### Exercise description
Please set down exactly the lines from the one that contains "2000' Mercedes-Benz E photo #2" through the end of the material, leaving out every picture.
########################################
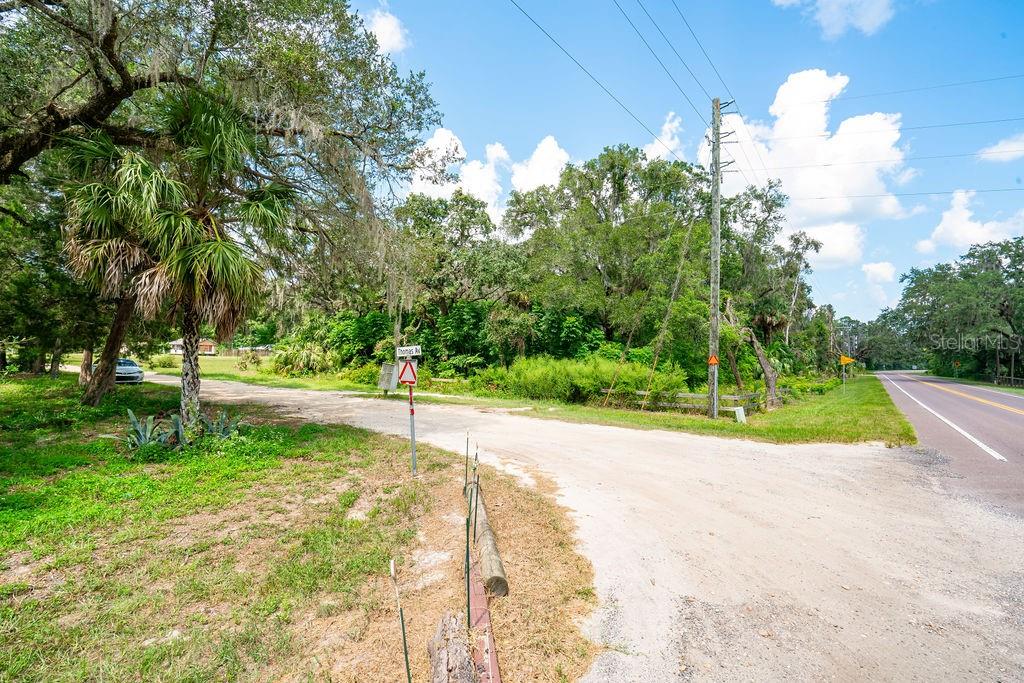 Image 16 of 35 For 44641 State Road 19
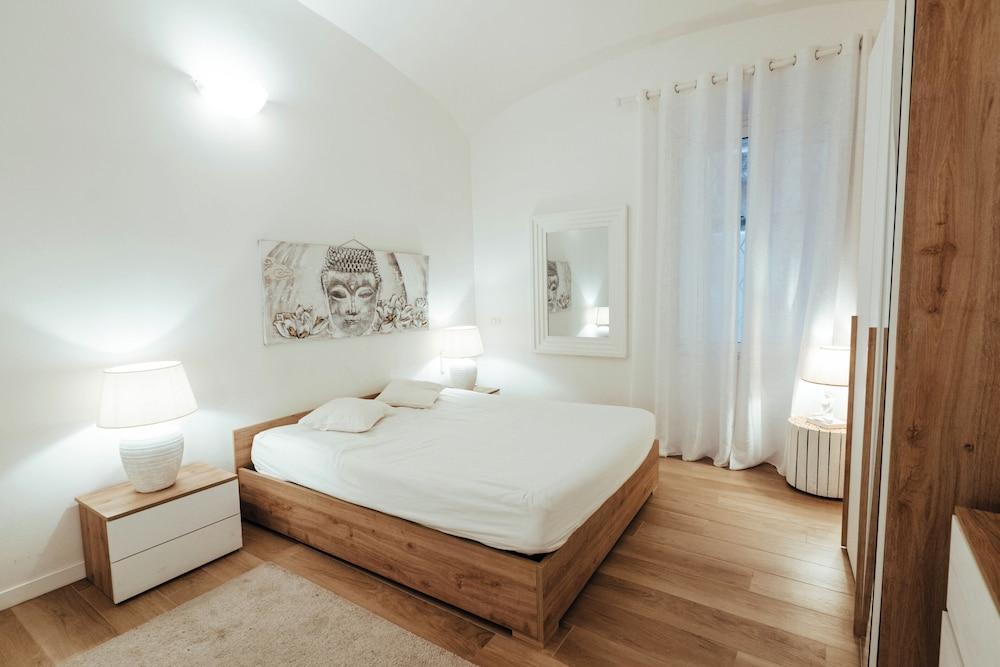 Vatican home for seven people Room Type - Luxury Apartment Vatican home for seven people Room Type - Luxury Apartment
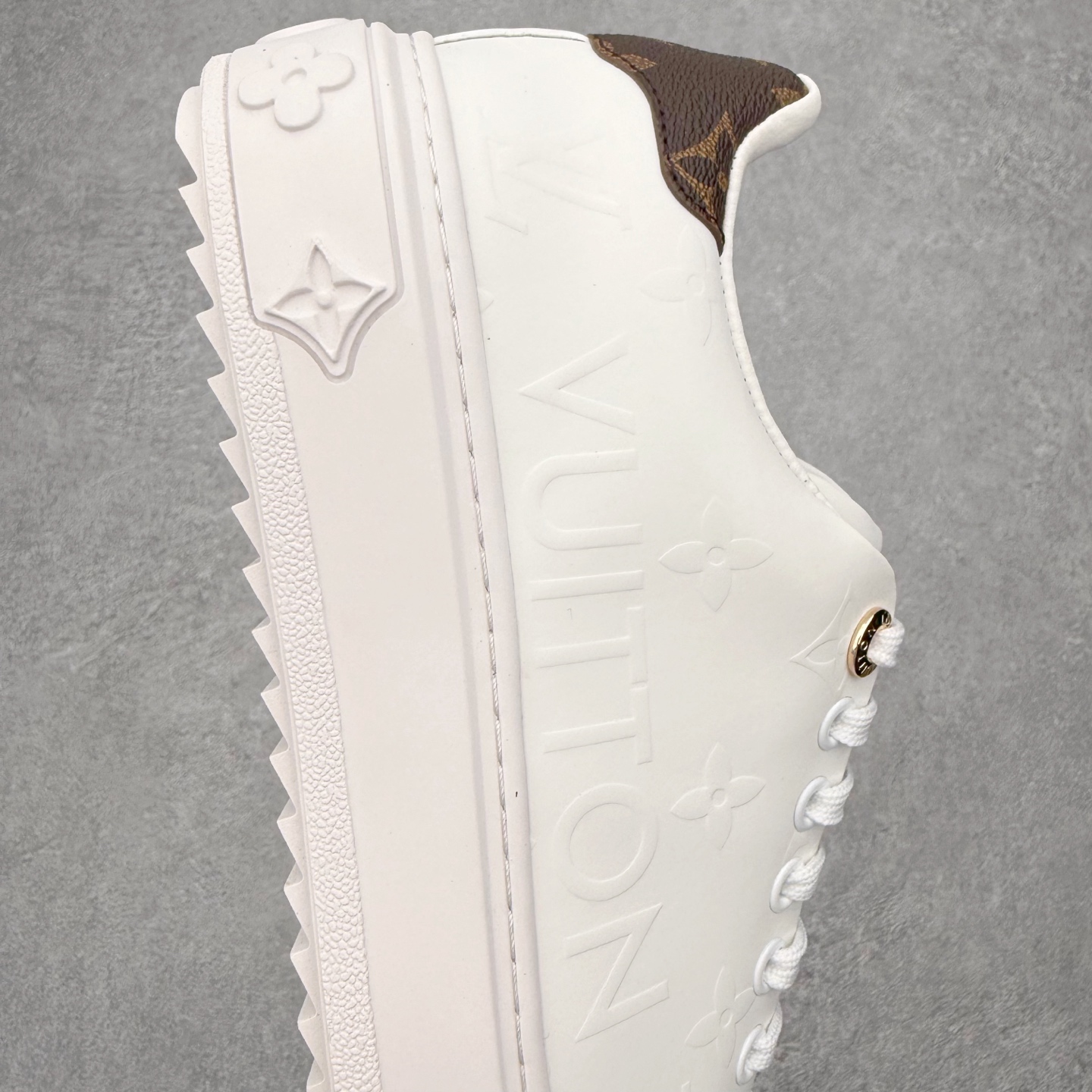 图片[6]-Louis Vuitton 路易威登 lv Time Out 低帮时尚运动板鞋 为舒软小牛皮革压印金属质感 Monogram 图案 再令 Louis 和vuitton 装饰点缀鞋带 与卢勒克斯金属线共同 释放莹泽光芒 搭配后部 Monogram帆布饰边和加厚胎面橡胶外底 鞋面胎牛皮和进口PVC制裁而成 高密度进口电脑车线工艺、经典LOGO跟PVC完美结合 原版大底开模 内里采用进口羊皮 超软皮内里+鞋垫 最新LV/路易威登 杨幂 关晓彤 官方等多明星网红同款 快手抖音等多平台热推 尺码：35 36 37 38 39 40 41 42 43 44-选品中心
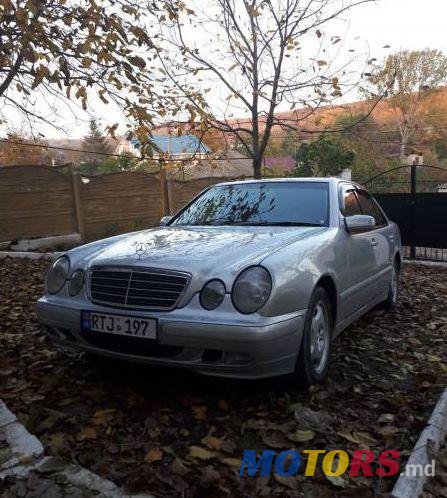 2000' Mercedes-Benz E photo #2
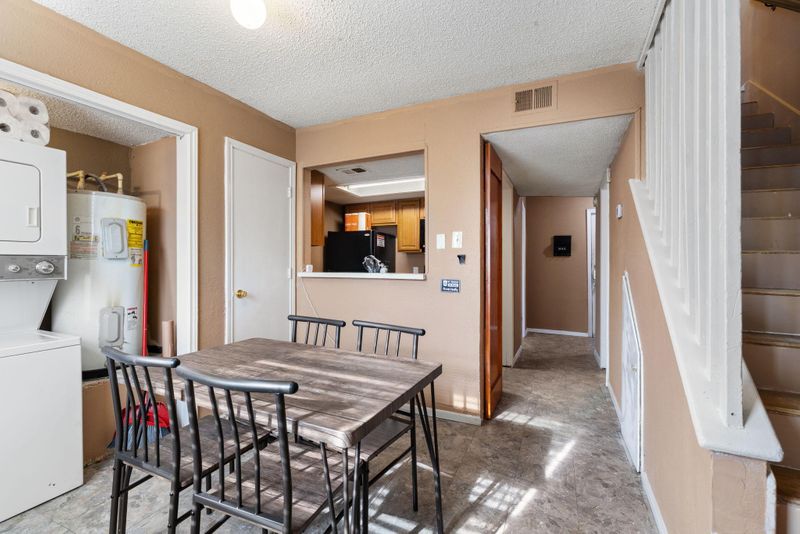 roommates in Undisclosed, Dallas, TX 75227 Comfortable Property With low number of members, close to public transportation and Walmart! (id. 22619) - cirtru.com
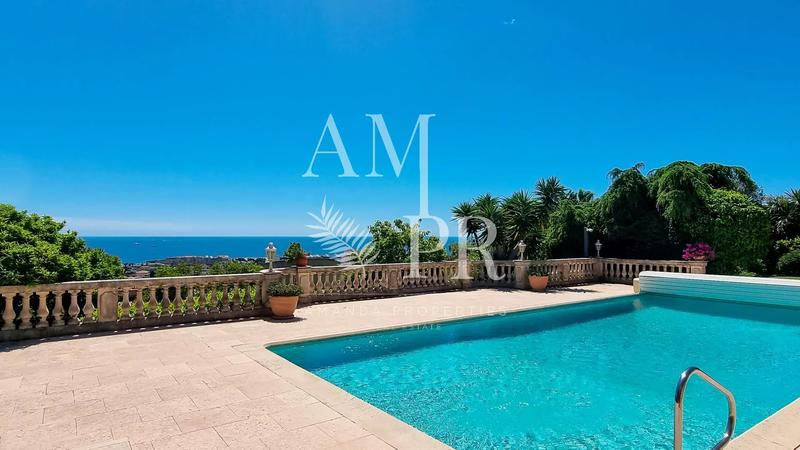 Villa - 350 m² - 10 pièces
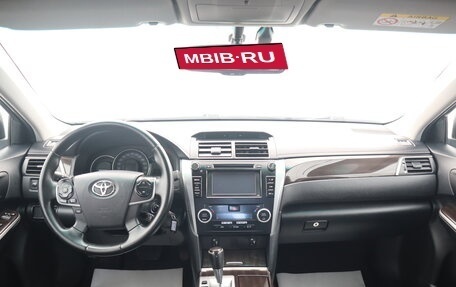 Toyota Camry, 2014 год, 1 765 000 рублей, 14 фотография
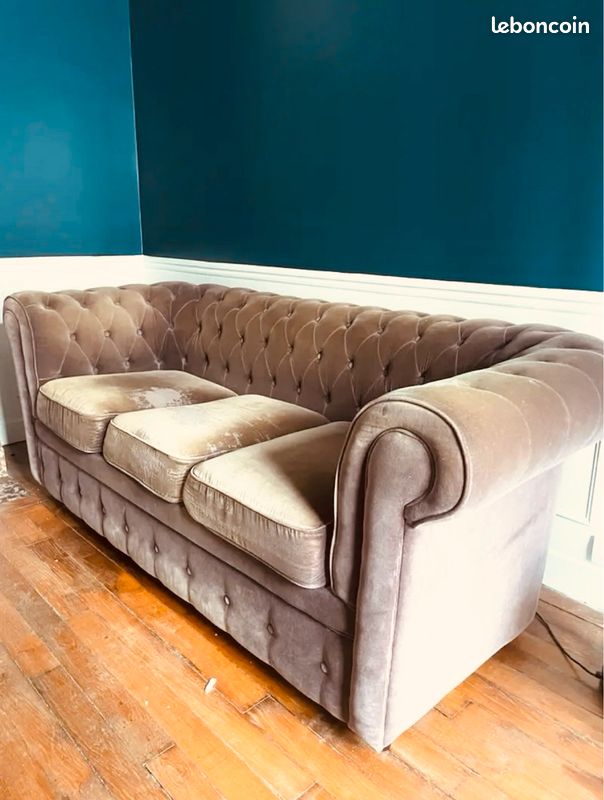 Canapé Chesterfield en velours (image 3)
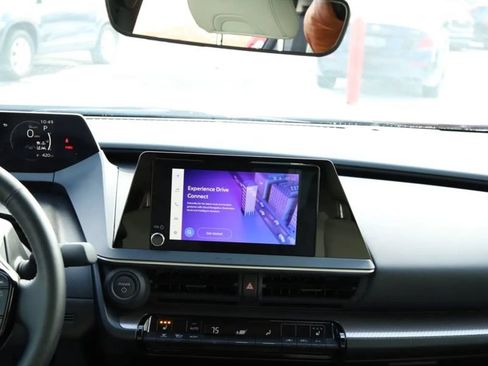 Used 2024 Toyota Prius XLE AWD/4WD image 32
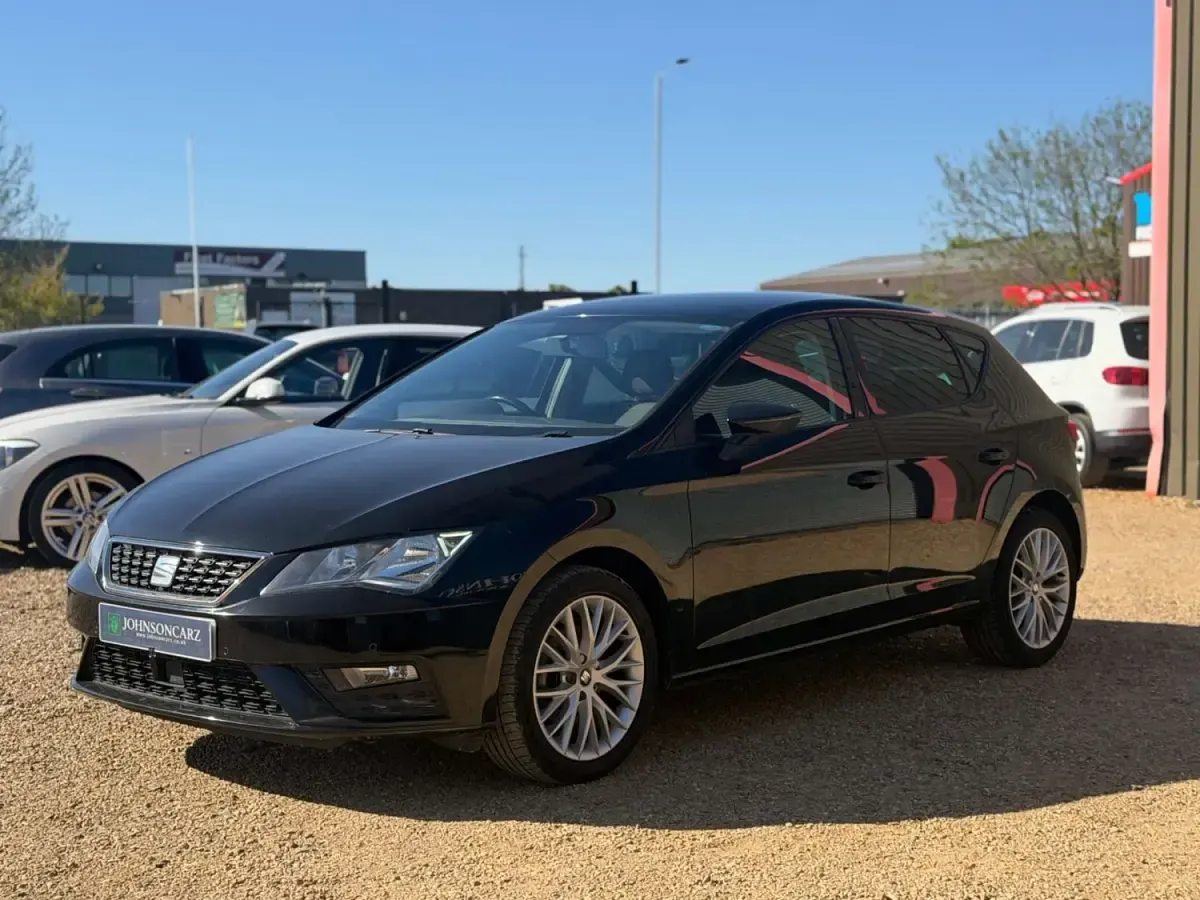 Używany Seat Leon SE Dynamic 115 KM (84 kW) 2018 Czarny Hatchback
########################################
### Finished exercise
 2000' Mercedes-Benz E photo #2
 roommates in Undisclosed, Dallas, TX 75227 Comfortable Property With low number of members, close to public transportation and Walmart! (id. 22619) - cirtru.com
 Villa - 350 m² - 10 pièces
 Toyota Camry, 2014 год, 1 765 000 рублей, 14 фотография
 Canapé Chesterfield en velours (image 3)
 Used 2024 Toyota Prius XLE AWD/4WD image 32
 Używany Seat Leon SE Dynamic 115 KM (84 kW) 2018 Czarny Hatchback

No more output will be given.